Monday, 9 March 2020

Mondays writings: Learning to say no

One of the things I was determined to do when I retired was set aside quality for writing and other creative pursuits so, soon after I left work, I firmly announced that I was blocking Mondays for writing. So much for good intentions. As it turned out, I only managed to carve out time for writing on two or three Mondays at most over the past year.

This past weekend, there was a writing workshop I was interested in attending but opted not to go because I've written so little lately. What was the point, I thought?

The point was and is that I still want to write. Or, at least, I think I do. So yesterday I recommitted to "Monday writings".

Now here it is Monday morning, and I've managed to get myself to sit down in front of the computer, with hot coffee and Irish jigs to inspire. It doesn't feel comfortable, but that's hardly surprising, given how little I've done this lately.

The next question is what do I want to write about? There's been lots on my mind lately - the climate crisis, the ongoing mistreatment of indigenous peoples in Canada and elsewhere, the difficulty of building and maintaining strong, healthy communities when so much in our culture fosters selfishness and narcissism, the challenges of aging...

But the thing I want most to write about today is the thing I'm struggling most with these days, which is learning to say "no". No to roles, responsibilities and commitments that don't interest me. No to spending time with people who consistently drain my energy. No to useless distractions on social media and elsewhere. No to being silent because the things I want and need to say make some people uncomfortable. No to living my life the way others expect me to.

I hear other women my age talk about how much freer they feel to be themselves - to say what they think, follow their dreams, etc. That hasn't been my experience.  Certainly, I'm more forthright about my political views now that I'm retired, but saying no to expectation, disappointing people who request my help, angering people I care about, and minimizing interaction with social media are still real challenging most days.
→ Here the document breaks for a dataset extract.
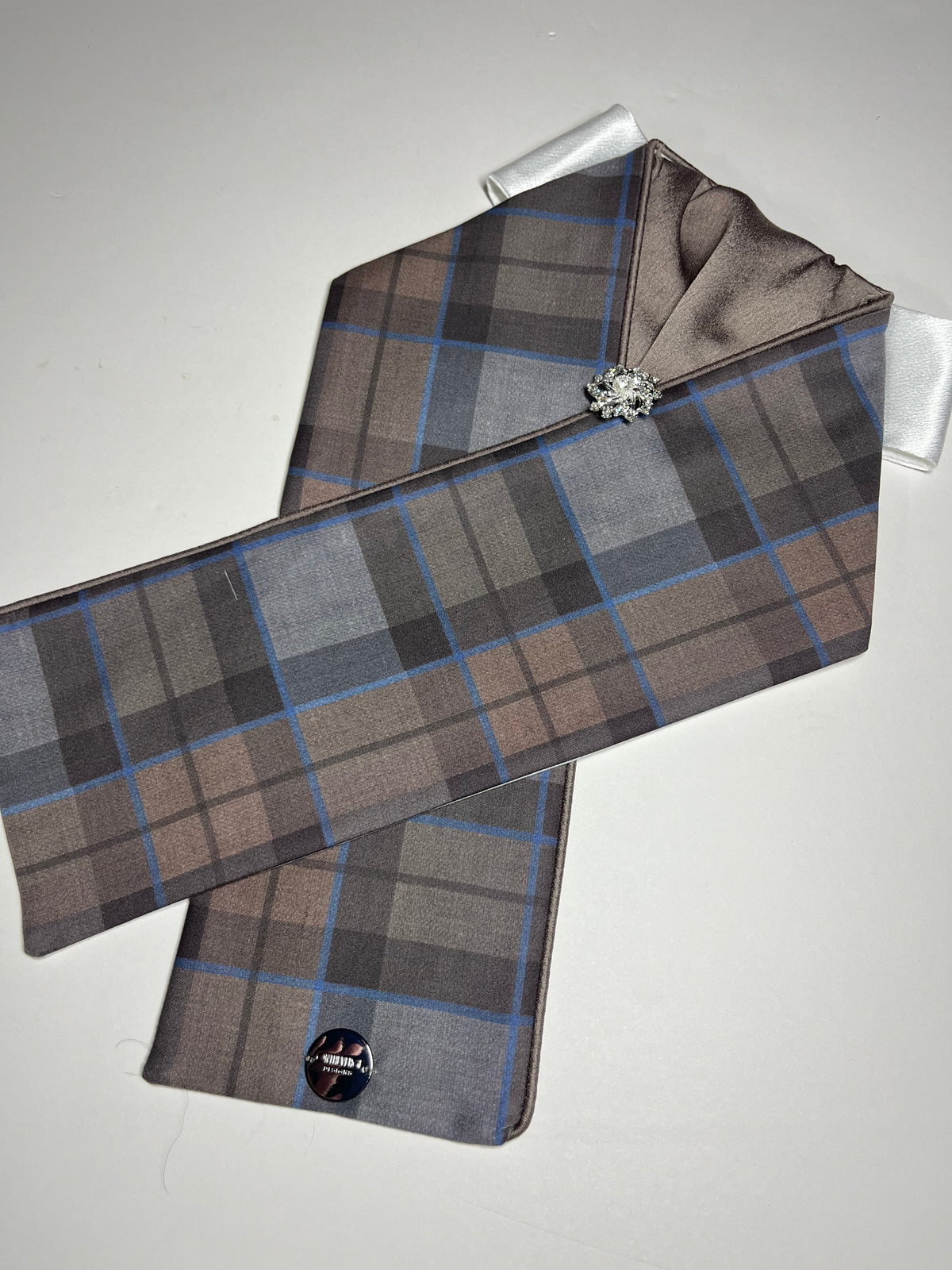 Outlander Dressage Stock Tie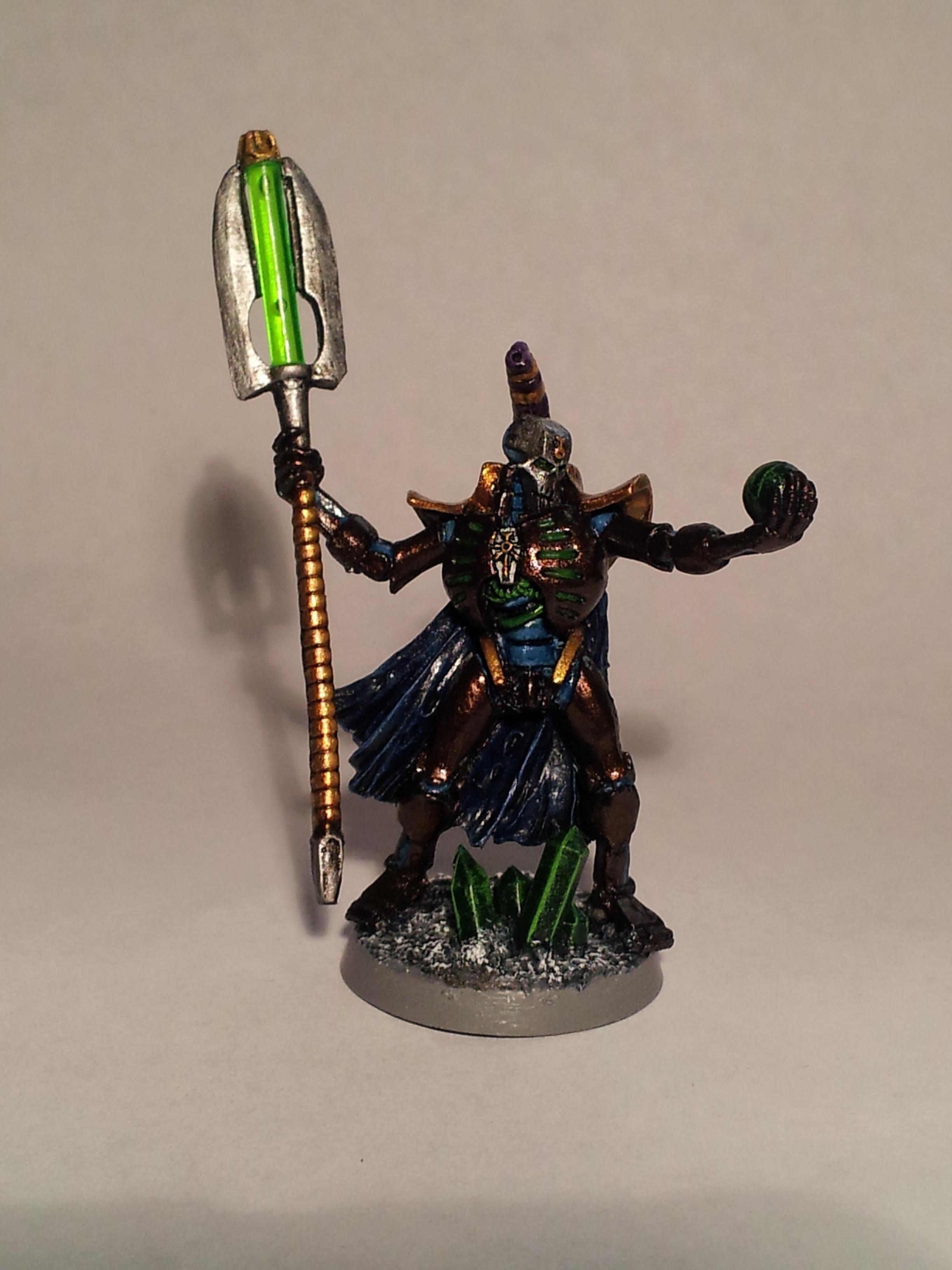 Necron Lord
On the one hand, I think, so what? I'm retired after all. Why not just go with the flow? To some extent, I needed to do just that for the first year or so of retirement, while I recovered from working all those years and contemplated what I wanted to with the next phase of my life. Thirteen months in, it feels like time to make choices, which means screwing up the courage to say no much more often than I have been to create space for the things that matter most.